---- EXERCISE MATERIAL

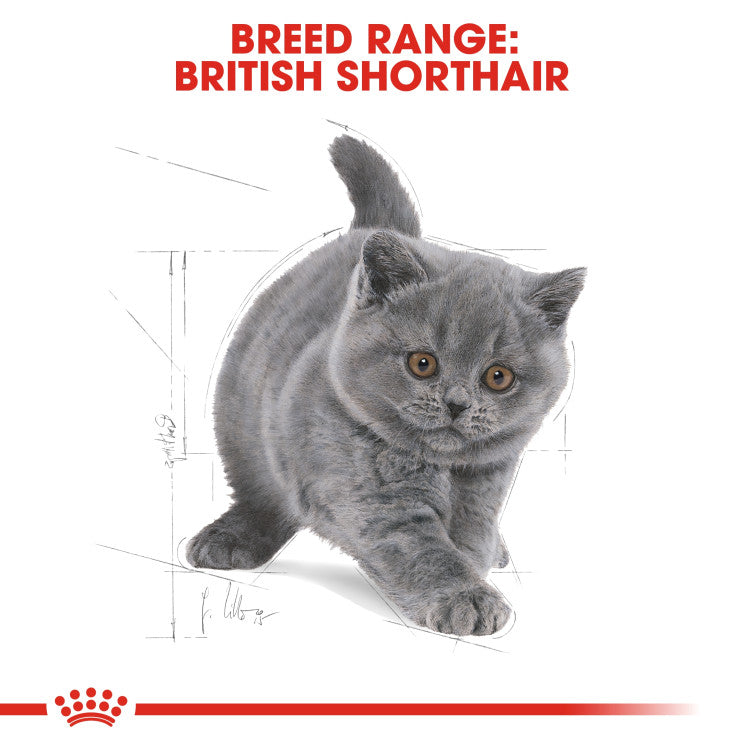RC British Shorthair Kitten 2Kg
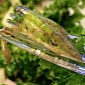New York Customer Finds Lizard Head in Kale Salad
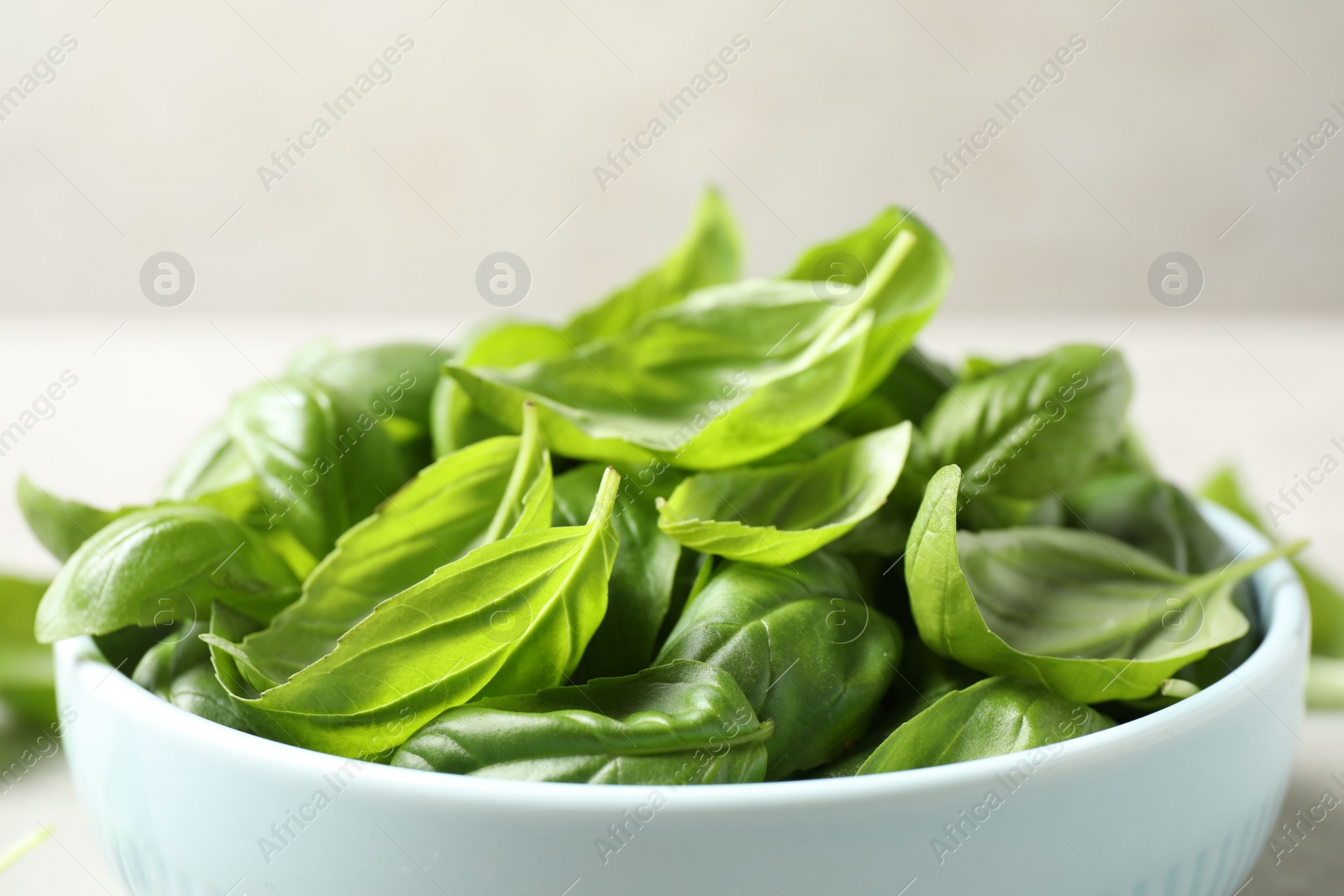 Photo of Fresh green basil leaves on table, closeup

--------
---- EXERCISE MATERIAL

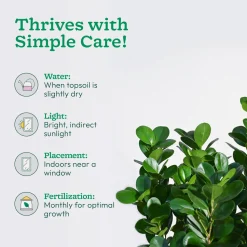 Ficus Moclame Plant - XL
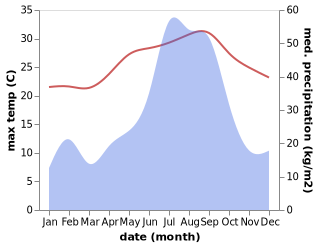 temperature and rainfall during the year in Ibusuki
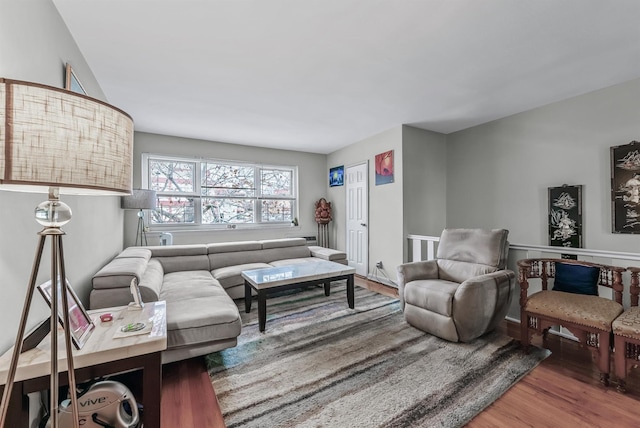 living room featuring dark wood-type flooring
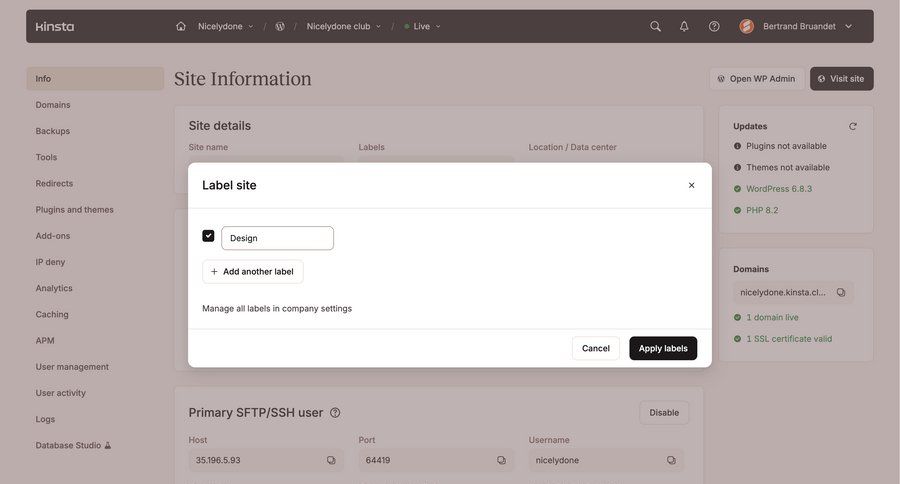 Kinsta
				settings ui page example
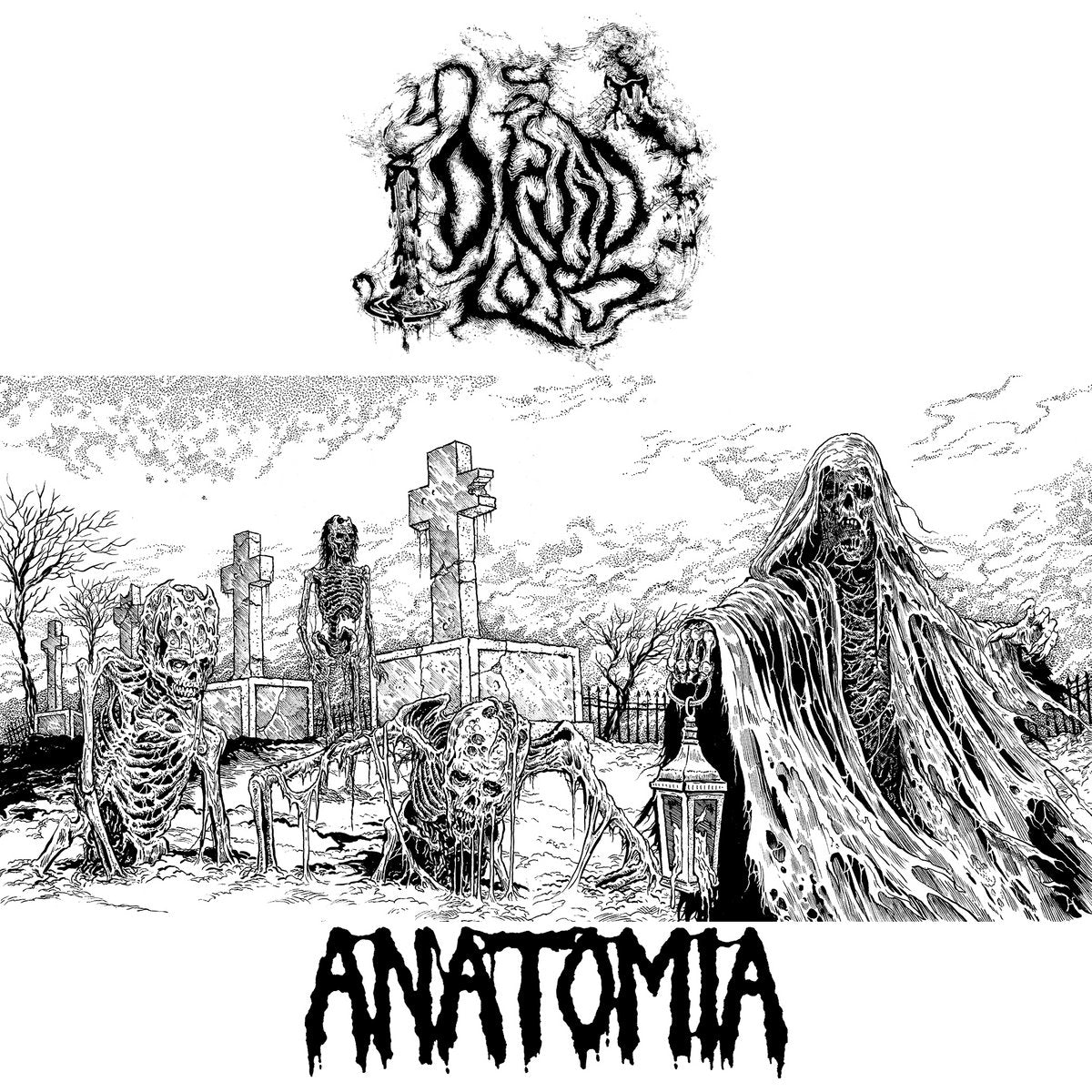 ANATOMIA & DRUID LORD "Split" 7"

--------

◆ TASK OBJECTIVE ◆
Take the entries above and copy exactly the lines starting at the one with "New York Customer" and ending at the one with "Photo of Fresh"; nothing outside that span, and no pictures.

◆ WRITTEN SOLUTION ◆
New York Customer Finds Lizard Head in Kale Salad
 Photo of Fresh green basil leaves on table, closeup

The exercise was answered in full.